Even better, raised gardens or flowerbeds provides needed height to ensure young puppies and dogs can’t reach your plants. Take a moment to draw out your ideal design on paper, and then outline planted areas with spray paint or sand in your yard. This will provide you a great visual before digging up the area.
Doggie Digging Pit
Dog-friendly landscapes should provide ample fun for your dog too. If your dog enjoys digging, choose an area to create a digging pit for your dog. Provide a small wading pool of sand with buried treats; this will keep most dogs busy for a while.
To ensure this area is attractive, place a short attractive fence or plants to hide the wading pool, or simply dig a hole large enough for the wading pool to sit flush with the soil. Place your dog’s digging pit in a shaded area to keep sand cool during warm months. To prevent cats from using your dog’s digging pit as a toilet, consider adding a plastic cover over it.
Preparing the Area
Preparing the area is the physically difficult part of landscaping as it requires plenty of heavy lifting and labor. Once planted locations are selected, it’s time to prepare the area before planting.

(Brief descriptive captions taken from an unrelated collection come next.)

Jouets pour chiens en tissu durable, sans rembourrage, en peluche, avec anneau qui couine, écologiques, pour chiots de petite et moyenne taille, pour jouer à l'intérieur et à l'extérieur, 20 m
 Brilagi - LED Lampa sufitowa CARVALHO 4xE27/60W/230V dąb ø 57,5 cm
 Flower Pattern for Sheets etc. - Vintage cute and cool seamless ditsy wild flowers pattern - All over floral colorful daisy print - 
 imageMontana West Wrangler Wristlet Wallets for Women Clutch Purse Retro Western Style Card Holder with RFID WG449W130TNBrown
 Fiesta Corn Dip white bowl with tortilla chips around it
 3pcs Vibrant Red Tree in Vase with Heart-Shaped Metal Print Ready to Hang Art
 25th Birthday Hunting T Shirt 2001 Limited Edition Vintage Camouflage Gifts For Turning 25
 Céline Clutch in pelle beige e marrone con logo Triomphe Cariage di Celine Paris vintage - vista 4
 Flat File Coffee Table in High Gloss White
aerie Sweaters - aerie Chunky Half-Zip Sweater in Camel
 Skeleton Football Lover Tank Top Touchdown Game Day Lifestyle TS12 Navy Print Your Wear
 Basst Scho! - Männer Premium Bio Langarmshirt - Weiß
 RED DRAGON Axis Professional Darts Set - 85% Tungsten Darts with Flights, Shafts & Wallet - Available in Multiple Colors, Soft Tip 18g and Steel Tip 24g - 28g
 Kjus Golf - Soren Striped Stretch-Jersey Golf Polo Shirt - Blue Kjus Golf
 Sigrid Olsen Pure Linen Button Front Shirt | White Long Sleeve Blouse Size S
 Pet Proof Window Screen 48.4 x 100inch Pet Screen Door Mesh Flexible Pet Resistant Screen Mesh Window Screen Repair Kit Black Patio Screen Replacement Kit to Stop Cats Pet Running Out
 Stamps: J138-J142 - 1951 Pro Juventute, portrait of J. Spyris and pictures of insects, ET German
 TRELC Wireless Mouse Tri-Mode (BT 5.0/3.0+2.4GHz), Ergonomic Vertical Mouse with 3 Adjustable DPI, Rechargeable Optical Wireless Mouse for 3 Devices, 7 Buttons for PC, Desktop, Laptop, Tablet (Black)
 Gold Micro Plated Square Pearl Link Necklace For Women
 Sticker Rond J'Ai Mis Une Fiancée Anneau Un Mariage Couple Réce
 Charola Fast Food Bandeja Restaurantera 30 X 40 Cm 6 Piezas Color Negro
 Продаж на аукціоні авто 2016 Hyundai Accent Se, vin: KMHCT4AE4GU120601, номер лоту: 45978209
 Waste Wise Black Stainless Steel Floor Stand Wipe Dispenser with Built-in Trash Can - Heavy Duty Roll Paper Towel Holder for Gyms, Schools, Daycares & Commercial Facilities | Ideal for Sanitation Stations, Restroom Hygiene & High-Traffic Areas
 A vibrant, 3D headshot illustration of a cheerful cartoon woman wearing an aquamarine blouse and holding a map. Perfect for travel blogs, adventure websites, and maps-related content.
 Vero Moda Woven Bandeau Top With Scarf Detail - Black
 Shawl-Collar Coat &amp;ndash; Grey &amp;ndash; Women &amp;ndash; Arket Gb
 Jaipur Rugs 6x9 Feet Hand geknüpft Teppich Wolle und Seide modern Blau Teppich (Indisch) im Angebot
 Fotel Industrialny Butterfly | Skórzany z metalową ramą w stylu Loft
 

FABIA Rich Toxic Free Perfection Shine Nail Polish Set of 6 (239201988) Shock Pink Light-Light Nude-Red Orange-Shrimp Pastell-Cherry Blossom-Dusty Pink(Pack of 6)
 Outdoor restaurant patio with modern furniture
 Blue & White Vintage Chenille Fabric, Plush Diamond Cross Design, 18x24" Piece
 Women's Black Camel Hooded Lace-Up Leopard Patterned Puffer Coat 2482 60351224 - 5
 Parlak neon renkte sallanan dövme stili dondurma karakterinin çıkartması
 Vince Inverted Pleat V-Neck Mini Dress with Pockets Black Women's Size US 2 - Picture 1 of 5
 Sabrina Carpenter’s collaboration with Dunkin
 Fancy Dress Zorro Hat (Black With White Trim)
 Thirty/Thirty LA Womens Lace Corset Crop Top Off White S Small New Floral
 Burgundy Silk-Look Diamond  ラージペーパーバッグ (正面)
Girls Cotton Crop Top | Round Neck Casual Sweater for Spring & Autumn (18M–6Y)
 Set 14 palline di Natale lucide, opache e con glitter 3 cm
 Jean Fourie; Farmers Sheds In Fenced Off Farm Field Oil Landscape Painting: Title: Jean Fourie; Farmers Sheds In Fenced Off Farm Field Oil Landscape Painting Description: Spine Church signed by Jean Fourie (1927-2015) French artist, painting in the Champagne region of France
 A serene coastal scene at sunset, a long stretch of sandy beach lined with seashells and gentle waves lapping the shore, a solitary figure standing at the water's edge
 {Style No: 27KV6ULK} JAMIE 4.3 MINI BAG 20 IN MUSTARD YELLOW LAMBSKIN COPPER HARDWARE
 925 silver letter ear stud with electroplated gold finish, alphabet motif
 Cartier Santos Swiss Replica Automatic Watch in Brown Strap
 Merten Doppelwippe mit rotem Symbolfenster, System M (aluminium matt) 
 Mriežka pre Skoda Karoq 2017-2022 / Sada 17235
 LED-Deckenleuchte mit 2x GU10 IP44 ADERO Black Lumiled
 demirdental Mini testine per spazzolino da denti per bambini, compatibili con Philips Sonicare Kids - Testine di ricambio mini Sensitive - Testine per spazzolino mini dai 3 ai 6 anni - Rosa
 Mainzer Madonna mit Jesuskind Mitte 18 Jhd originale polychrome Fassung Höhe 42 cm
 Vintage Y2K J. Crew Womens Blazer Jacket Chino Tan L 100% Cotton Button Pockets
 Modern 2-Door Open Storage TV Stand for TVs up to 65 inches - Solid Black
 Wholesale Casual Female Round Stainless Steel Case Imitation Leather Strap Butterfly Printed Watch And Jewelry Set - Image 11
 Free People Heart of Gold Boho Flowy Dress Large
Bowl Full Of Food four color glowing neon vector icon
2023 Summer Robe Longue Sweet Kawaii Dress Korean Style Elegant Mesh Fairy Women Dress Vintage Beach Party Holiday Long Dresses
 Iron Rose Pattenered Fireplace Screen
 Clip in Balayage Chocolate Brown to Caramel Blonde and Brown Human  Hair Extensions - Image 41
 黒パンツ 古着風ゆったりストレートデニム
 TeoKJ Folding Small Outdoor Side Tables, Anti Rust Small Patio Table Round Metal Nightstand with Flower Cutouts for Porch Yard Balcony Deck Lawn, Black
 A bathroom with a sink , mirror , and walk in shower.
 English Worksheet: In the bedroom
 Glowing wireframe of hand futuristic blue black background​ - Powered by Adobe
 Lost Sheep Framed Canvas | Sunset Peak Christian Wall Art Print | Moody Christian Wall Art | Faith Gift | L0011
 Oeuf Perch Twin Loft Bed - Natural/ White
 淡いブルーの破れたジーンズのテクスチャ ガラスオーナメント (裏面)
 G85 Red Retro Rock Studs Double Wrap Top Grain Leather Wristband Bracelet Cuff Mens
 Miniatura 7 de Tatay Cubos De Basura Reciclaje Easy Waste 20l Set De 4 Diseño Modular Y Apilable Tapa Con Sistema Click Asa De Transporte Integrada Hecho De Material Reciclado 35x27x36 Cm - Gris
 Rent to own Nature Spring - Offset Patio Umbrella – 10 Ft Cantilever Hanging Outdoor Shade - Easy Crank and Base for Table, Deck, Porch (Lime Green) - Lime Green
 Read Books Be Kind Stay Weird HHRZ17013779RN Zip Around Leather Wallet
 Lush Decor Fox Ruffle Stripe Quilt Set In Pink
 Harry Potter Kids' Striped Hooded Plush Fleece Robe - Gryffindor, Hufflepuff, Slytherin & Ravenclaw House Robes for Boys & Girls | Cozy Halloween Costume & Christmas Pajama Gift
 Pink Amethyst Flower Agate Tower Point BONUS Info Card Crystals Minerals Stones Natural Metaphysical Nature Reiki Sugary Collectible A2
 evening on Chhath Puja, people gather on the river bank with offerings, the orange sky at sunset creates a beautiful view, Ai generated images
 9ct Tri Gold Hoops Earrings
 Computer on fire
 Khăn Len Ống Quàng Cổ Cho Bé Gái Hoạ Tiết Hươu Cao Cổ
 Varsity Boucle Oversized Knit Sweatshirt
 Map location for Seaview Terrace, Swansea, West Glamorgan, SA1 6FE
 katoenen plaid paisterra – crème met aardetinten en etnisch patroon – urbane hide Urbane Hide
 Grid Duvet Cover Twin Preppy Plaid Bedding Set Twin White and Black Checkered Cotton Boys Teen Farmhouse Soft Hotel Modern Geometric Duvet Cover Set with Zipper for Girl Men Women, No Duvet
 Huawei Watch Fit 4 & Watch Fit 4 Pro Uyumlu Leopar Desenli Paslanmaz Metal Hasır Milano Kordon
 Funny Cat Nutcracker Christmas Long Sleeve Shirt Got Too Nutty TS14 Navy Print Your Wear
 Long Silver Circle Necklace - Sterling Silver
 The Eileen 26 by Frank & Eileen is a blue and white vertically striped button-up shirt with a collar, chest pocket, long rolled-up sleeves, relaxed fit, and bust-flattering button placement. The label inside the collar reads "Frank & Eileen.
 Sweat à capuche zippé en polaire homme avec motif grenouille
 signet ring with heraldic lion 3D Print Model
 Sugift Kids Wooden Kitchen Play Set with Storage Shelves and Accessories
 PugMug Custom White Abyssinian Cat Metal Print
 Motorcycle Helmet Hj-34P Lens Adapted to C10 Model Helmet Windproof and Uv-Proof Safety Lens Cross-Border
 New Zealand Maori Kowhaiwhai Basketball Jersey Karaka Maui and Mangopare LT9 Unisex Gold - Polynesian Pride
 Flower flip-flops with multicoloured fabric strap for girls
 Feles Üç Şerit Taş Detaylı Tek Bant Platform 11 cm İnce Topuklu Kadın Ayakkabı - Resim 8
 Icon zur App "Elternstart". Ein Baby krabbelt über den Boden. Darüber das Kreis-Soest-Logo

If you plan to grow plants or produce in raised beds, this is the time to build beds and place them in desired areas. Most raised beds are made of cedar, which prevents rot and chemical exposure. To prevent weeds, place several layers of old newspaper or cardboard on the ground before adding soil into raised beds. There are many benefits of raised flowering beds, including the prevention of certain insects from crawling into them and dogs from trampling over or digging up tender plants.
Soil, Compose, or Sand
Many dog owners choose to plant directly into the ground. Depending on your soil, you may need to add compose or sand. Bring in a sample of soil to your local plant nursery and consult the experts there for best results. When available, consider purchasing organic products.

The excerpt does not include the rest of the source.